PROBLEM DETAILS
All that should come back is the lines of the data below from the one containing "Ốp da Samsung" to the one containing "Koh Samui: Half-Day", inclusive, exactly as they stand.

--- START ---

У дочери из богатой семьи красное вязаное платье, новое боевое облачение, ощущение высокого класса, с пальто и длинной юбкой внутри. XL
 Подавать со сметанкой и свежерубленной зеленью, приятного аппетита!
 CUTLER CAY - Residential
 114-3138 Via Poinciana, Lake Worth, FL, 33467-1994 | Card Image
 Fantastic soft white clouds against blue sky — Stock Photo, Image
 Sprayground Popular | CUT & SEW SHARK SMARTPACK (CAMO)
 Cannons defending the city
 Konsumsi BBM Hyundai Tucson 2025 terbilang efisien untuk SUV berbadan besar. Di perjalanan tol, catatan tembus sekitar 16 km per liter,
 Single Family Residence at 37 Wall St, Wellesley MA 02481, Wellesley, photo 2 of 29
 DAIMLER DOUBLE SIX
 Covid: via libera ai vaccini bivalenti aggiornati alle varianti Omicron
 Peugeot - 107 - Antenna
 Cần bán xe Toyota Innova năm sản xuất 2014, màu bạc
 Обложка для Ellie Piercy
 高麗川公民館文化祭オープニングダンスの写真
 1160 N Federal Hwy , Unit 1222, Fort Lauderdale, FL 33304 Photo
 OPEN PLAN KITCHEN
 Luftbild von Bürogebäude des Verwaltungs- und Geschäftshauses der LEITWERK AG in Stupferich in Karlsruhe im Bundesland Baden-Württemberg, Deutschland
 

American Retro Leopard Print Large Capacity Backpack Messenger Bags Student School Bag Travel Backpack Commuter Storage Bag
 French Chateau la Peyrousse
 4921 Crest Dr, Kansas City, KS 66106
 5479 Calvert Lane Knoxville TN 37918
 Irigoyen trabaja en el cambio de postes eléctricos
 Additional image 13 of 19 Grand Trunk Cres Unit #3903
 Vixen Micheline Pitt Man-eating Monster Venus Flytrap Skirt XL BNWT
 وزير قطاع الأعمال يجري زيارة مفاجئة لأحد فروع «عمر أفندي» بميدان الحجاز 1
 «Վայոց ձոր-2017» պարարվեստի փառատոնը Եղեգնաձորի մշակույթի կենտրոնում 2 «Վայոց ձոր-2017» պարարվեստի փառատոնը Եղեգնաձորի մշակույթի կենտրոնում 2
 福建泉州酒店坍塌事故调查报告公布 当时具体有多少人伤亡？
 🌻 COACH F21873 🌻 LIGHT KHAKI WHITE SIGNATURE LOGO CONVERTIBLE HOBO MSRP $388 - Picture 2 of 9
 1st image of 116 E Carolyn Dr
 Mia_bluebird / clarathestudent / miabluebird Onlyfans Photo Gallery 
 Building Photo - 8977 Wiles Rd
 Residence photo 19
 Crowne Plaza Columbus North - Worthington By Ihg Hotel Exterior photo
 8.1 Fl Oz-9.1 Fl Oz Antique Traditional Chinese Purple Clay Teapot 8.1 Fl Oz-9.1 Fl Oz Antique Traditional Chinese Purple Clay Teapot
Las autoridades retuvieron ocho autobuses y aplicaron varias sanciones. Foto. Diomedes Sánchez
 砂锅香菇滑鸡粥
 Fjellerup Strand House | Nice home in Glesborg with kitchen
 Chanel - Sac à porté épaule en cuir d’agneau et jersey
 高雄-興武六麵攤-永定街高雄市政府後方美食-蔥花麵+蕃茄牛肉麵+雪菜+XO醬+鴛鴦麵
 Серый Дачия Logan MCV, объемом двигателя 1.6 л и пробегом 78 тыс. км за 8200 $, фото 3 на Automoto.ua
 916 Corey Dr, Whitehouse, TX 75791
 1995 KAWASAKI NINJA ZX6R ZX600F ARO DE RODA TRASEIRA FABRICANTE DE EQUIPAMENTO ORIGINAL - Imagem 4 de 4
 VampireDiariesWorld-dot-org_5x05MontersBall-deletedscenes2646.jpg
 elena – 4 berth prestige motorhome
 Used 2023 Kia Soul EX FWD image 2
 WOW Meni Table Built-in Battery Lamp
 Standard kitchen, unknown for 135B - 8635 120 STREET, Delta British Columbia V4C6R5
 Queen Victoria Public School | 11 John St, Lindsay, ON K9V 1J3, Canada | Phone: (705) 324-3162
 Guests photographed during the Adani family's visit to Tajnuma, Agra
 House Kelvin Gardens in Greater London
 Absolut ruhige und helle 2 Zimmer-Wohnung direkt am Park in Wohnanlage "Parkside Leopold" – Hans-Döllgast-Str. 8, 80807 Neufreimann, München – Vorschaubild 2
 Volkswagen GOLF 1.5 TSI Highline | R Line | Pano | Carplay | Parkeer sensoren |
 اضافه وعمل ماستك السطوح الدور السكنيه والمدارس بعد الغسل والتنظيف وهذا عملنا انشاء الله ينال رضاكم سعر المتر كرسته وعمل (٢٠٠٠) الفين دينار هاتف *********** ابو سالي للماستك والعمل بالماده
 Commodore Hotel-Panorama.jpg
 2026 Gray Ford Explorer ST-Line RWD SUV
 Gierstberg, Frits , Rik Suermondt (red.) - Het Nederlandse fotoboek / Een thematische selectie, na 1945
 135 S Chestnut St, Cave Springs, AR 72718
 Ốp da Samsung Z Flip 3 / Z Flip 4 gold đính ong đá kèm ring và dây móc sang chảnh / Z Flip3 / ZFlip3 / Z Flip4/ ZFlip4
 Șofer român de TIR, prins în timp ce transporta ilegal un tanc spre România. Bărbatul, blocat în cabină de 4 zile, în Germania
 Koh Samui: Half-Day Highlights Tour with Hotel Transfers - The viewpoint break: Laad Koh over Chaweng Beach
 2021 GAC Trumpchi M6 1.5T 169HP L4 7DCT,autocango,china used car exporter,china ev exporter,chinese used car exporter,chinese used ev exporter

--- END ---

RESULT OF THE EXERCISE
 Ốp da Samsung Z Flip 3 / Z Flip 4 gold đính ong đá kèm ring và dây móc sang chảnh / Z Flip3 / ZFlip3 / Z Flip4/ ZFlip4
 Șofer român de TIR, prins în timp ce transporta ilegal un tanc spre România. Bărbatul, blocat în cabină de 4 zile, în Germania
 Koh Samui: Half-Day Highlights Tour with Hotel Transfers - The viewpoint break: Laad Koh over Chaweng Beach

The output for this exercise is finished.